La Groupama-FDJ United ne gardera pas de grands souvenirs de la Bulgarie. Les trois premières étapes du Tour d’Italie 2026 n’ont pas permis à la WorldTeam française de décrocher un résultat marquant. Lors des deux sprints remportés par Paul Magnier, vendredi et dimanche, Paul Penhoët n’a pas été en mesure de jouer les premiers rôles. “Il n’a tout simplement pas pu sprinter le premier jour à cause de cette grosse chute. Puis la seconde fois, il était mal placé et s’est fait coincer. Ce n’est pas facile, il y a un gros plateau de sprinteurs ici”, synthétise en quelques mots Frédéric Guesdon auprès de DirectVelo. 

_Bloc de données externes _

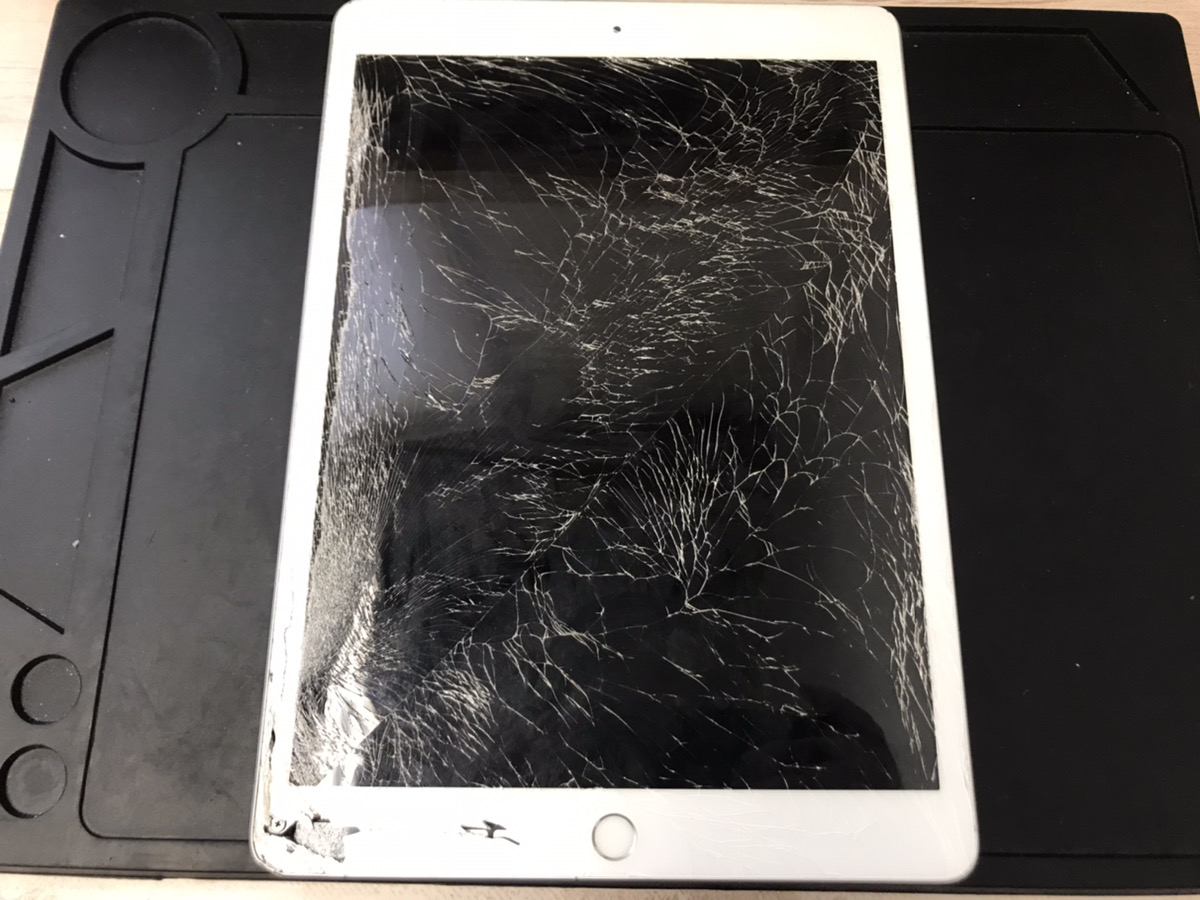 【iPad7】ガラスが粉々に割れてるけど本当に修理できる？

“Samedi, lors de l’étape un peu plus punchy, nos coureurs prévus pour jouer quelque chose dans le final ont là aussi été pris dans la grosse chute”, regrette le directeur sportif, qui attendait forcément mieux de ces premières journées du Giro. “Pour l’instant, ce n’est pas ce qu’on espérait. On veut faire un gros résultat et on en est loin après trois journées mais physiquement, on est là et surtout, il n’y a pas trop de casse pour nous contrairement à d’autres équipes”. Bien que trois coureurs de la Groupama-FDJ United ont goûté au bitume en terres bulgares, aucun n’est sérieusement touché. “Quand on voit la situation d’autres équipes, c’est un moindre mal. Personne n’est touché au point d’être handicapé pour la suite de la course”.   

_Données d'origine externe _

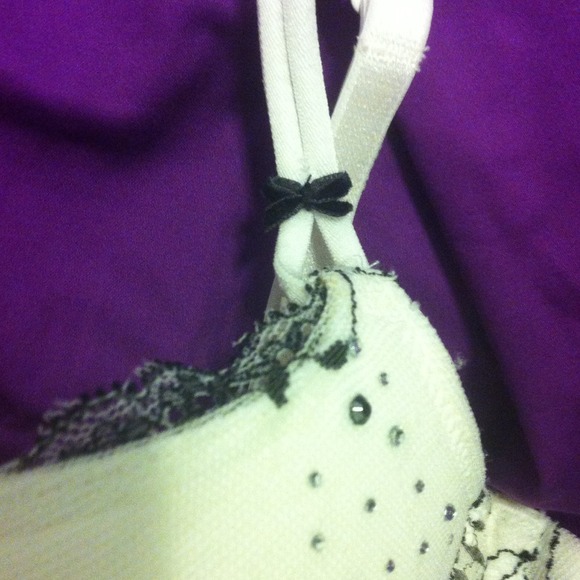 VICTORIAS SECRET BRA - Picture 3 of 4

UNE ÉQUIPE SOUDÉE AUTOUR DE PAUL PENHOËT

Pas question bien sûr de tirer quelconque conclusion après trois petites journées de compétition sur ce premier Grand Tour de la saison, et les occasions de briller seront encore nombreuses lors des 18 étapes à venir. “On a personne pour le général. Ici sur ce Giro, l’objectif est clairement de viser une victoire d’étape. On peut le faire au sprint avec Paul mais aussi via une échappée sur une étape pour puncheurs voire pour grimpeurs, avec Brieuc Rolland ou Rémy Rochas. On veut essayer de jouer un rôle tous les jours”, reprend Frédéric Guesdon.

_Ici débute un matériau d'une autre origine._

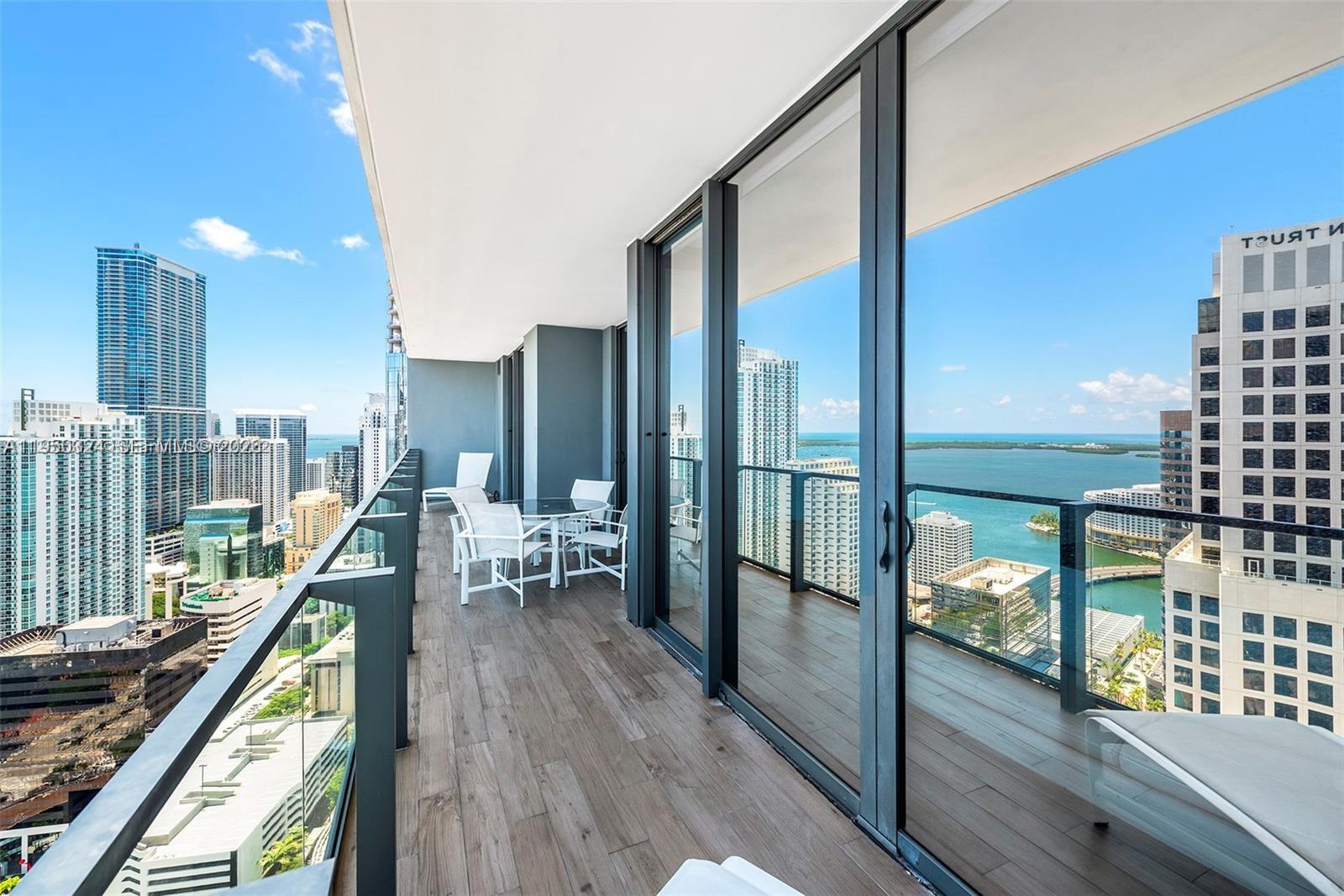 68 SE 6th St #3703, Miami FL 33131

L’ancien vainqueur de Paris-Roubaix 1997 rappelle que Paul Penhoët – touché au genou droit le premier jour – peut compter sur un vrai train à l’occasion de ce Tour d’Italie. “Axel Huens et Cyril Barthe sont là pour l’entourer en toute fin de course, comme Josh Kench qui est précieux. Et auparavant, on a Rémi Cavagna, Johan Jacobs voir même Rémy Rochas qui peuvent donner un coup de main. Toute l’équipe a un rôle à jouer dans cette mission de déposer notre sprinteur dans les meilleures conditions possibles”. Avec le rêve de décrocher un succès de prestige qui ferait tant de bien à une formation qui n’a plus gagné depuis la Drôme Classic, le 1er mars dernier.